Landing the Olympics costs money – some $16 million so far, according to June tax filings from the LA 2024 exploratory committee, which oversaw the bid. But the committee managed to pay the tab without using taxpayer dollars, relying on 29 individuals and organizations who each donated at least $1 million to fund operations.
A who’s who of civic and business leaders chipped in, including David Geffen, Tony Pritzker, Haim Saban, Jeanie Buss and Tom Gores – each of whom contributed $1 million to the committee.
LA 2024 Chairman Casey Wasserman, chief executive of the eponymous Westwood sports and entertainment agency Wasserman, put in $3 million.
The International Olympic Committee’s vote last week confirmed speculation that Los Angeles is the likely destination for the 2028 Summer Games, with Paris in line to receive the 2024 bid.
The dual-track arrangement must still be ratified at a September confab in Lima, Peru.
The global consensus at this point is that Los Angeles will play host to athletes from around the world in 11 years barring any last-minute setbacks.

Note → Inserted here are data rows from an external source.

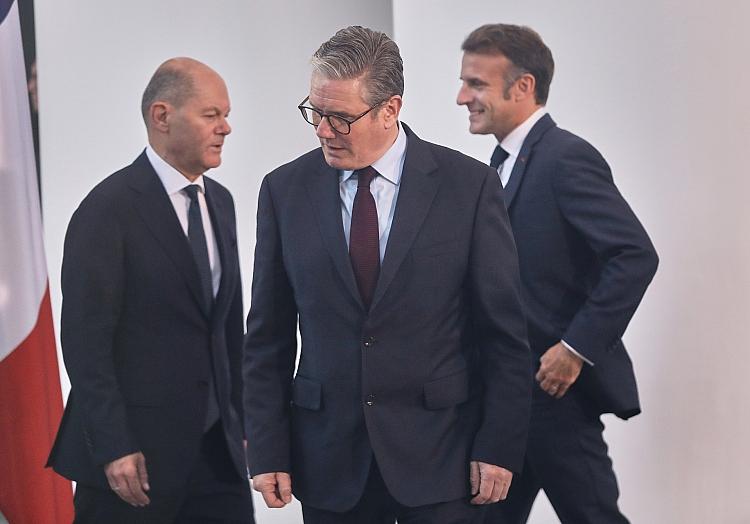 Scholz, Starmer, Macron (Archiv), via dts Nachrichtenagentur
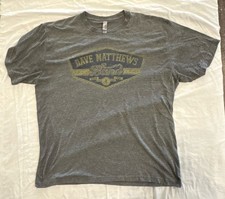 VTG Y2K Dave Matthews Band Raised Lettering Since 1991 Graphic T Shirt Grey XL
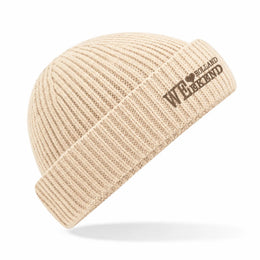 Beechfield Harbour beanie met omslag, Havermout met borduring - 24CB383R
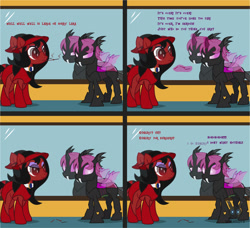 Size: 1560x1423 | Tagged: safe, artist:wheatley r.h., derpibooru exclusive, oc, oc only, oc:lara, oc:red widow, changeling, earth pony, pony, comic:still hungry, angry, changeling oc, chunkling, cigarette, eyeshadow, female, gem, glasses, glowing horn, hat, horn, hungry, magic, magic aura, makeup, mare, pink changeling, purple eyeshadow, reflection, stomach noise, telekinesis, vector, watermark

Businesses on the contributor list include the Los Angeles Clippers, Los Angeles Dodgers, Universal Studios, Banc of California, Westfield Property Management and City National Bank parent company RBC Capital Markets, which each put in
LA 2024 spokesman Jeff Millman said there was no expectation of remuneration or of sponsorship deals as a result of the donations, noting the existing committee does not control such arrangements.
“The L.A. bid committee has no business relationships,” Millman said.
The landscape of opportunities could change once the bid transforms into an organizing committee, which would likely have a say in sponsorship deals, various contracts and other business arrangements.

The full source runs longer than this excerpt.